* [Work task]
Please make an exact copy of the lines from the one holding "Stranger Things Parody" through the end of the data, both ends included, with no pictures.
┌────────
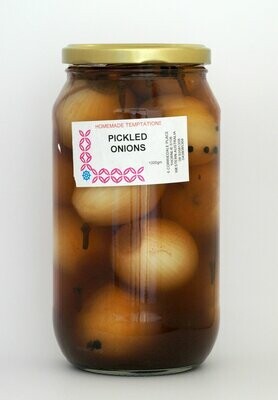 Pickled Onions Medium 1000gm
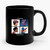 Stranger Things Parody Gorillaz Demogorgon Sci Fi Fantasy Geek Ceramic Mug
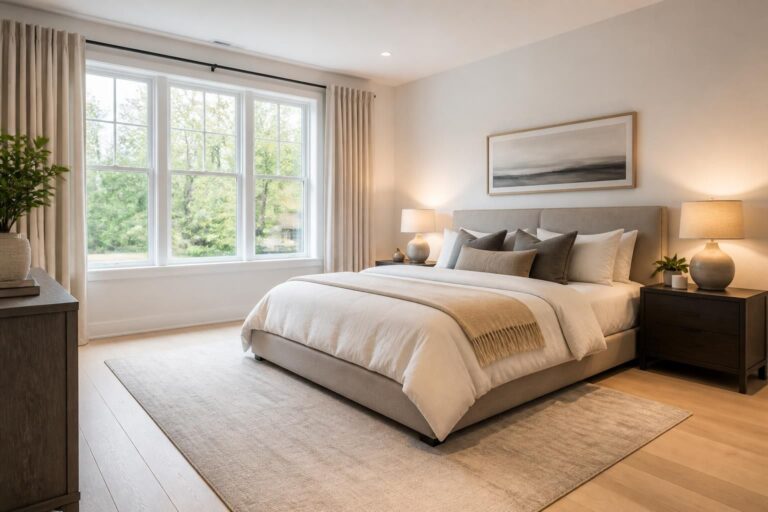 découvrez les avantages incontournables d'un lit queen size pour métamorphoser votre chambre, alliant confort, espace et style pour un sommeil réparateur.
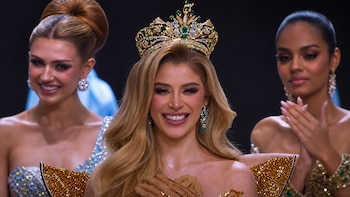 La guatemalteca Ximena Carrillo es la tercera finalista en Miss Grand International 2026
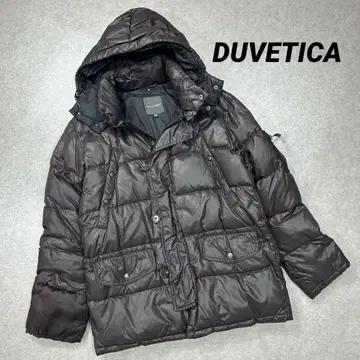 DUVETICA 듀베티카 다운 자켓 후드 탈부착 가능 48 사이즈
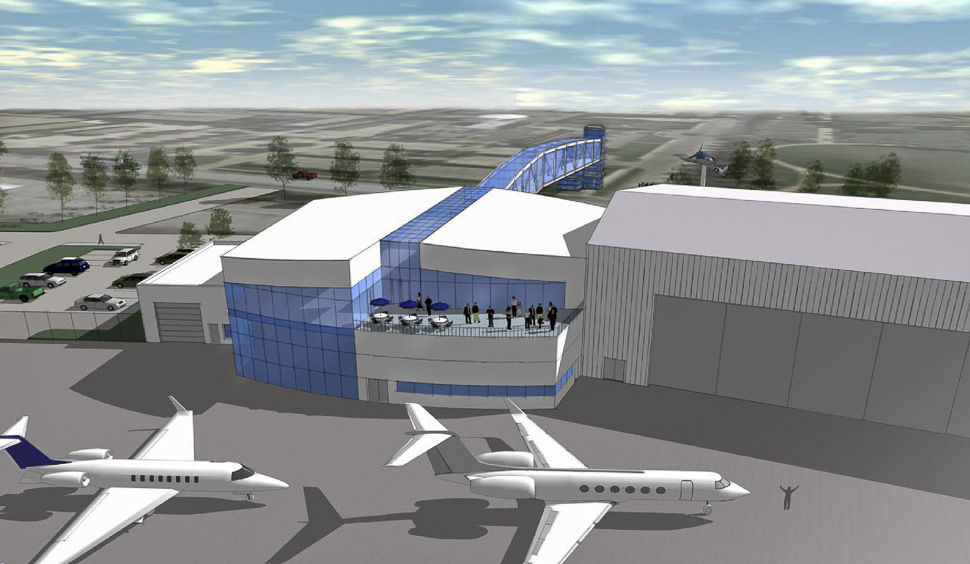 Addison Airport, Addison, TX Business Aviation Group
└────────
* [Result of the task]
 Stranger Things Parody Gorillaz Demogorgon Sci Fi Fantasy Geek Ceramic Mug
 découvrez les avantages incontournables d'un lit queen size pour métamorphoser votre chambre, alliant confort, espace et style pour un sommeil réparateur.
 La guatemalteca Ximena Carrillo es la tercera finalista en Miss Grand International 2026
 DUVETICA 듀베티카 다운 자켓 후드 탈부착 가능 48 사이즈
 Addison Airport, Addison, TX Business Aviation Group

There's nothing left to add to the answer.